◆ **Problem statement**
Look through the data below and output, unchanged, every line from the one holding "Trendy_Kemp_single_line_Pearl_Choker_set" through the one holding "2026 WiFi Extender", inclusive. Skip the pictures.

◆ **Dataset records**
☆ ☆ ☆

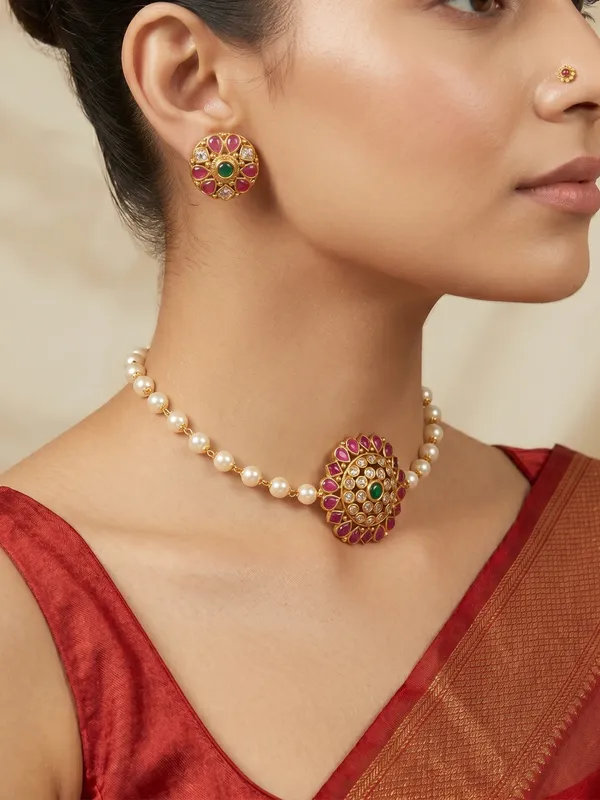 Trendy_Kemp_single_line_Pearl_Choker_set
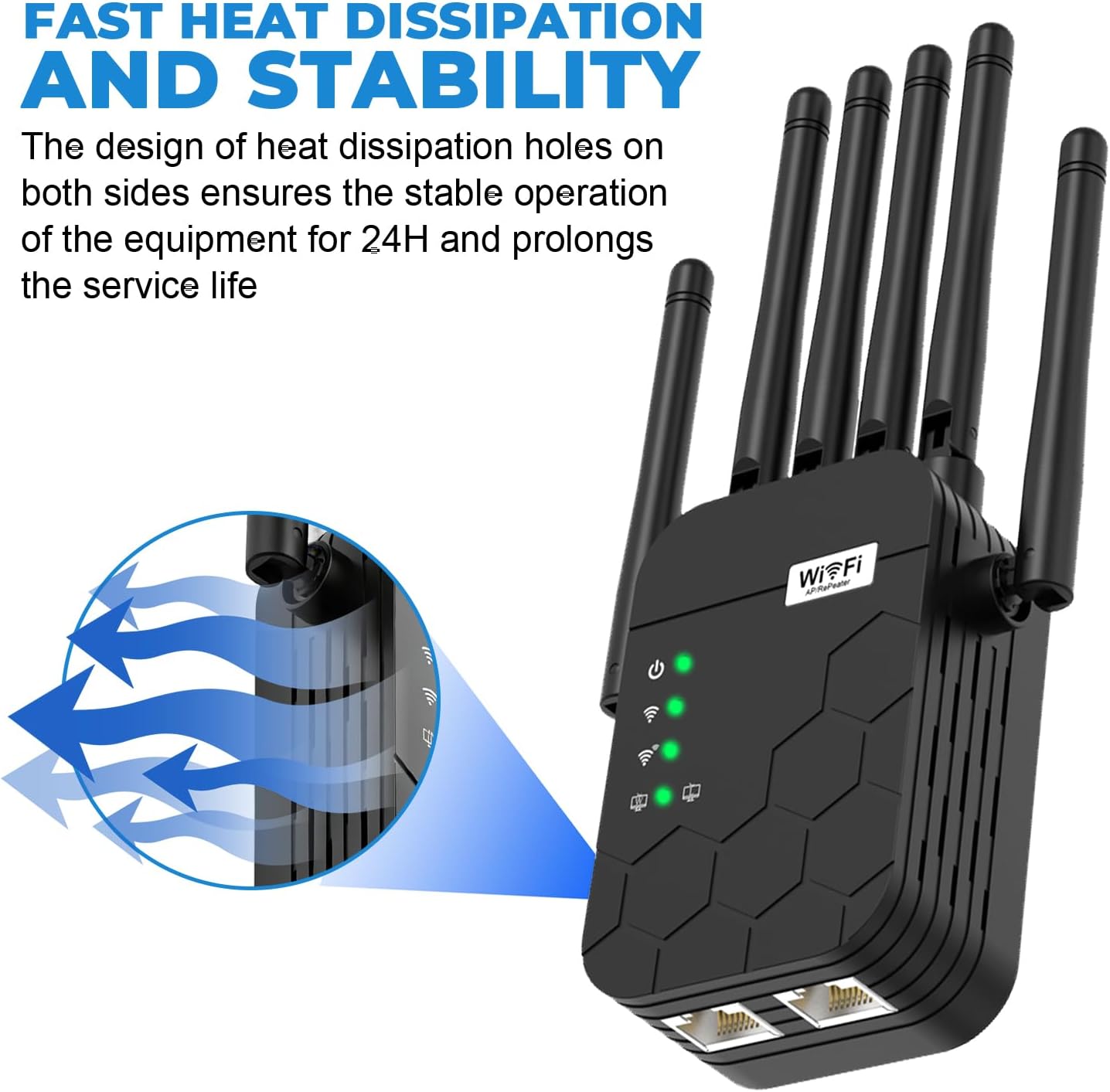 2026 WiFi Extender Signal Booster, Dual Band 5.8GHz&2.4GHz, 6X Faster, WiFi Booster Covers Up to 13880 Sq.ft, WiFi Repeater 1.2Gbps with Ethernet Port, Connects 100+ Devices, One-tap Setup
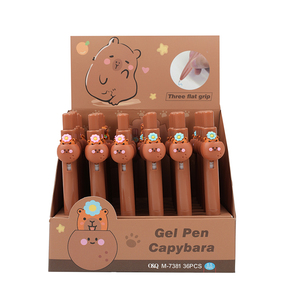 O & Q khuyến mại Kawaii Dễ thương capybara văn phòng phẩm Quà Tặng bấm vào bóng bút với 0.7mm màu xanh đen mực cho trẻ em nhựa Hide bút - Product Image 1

☆ ☆ ☆

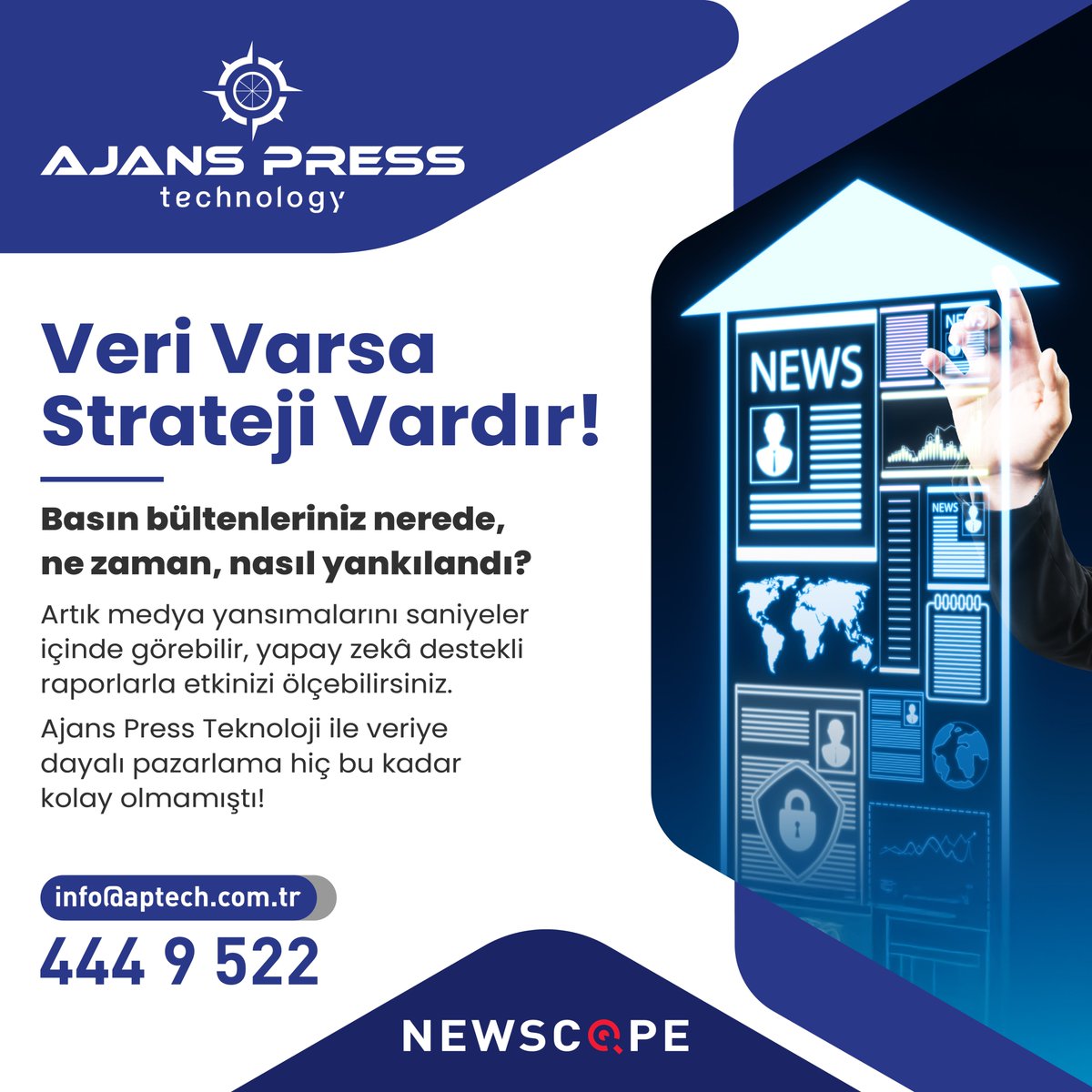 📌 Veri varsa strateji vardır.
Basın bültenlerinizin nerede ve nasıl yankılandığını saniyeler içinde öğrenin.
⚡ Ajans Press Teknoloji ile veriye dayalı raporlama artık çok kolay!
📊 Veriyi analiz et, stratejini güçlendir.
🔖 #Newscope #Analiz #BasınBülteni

☆ ☆ ☆

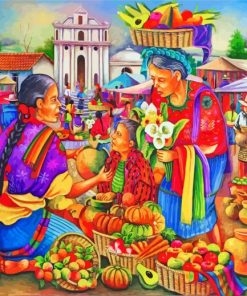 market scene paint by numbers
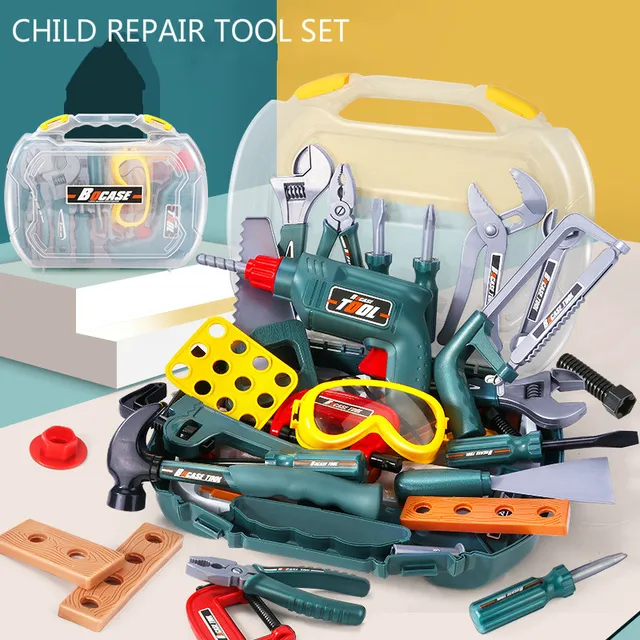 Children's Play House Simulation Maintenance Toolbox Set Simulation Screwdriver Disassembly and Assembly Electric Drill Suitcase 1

☆ ☆ ☆

◆ **Exercise answer**
 Trendy_Kemp_single_line_Pearl_Choker_set
 2026 WiFi Extender Signal Booster, Dual Band 5.8GHz&2.4GHz, 6X Faster, WiFi Booster Covers Up to 13880 Sq.ft, WiFi Repeater 1.2Gbps with Ethernet Port, Connects 100+ Devices, One-tap Setup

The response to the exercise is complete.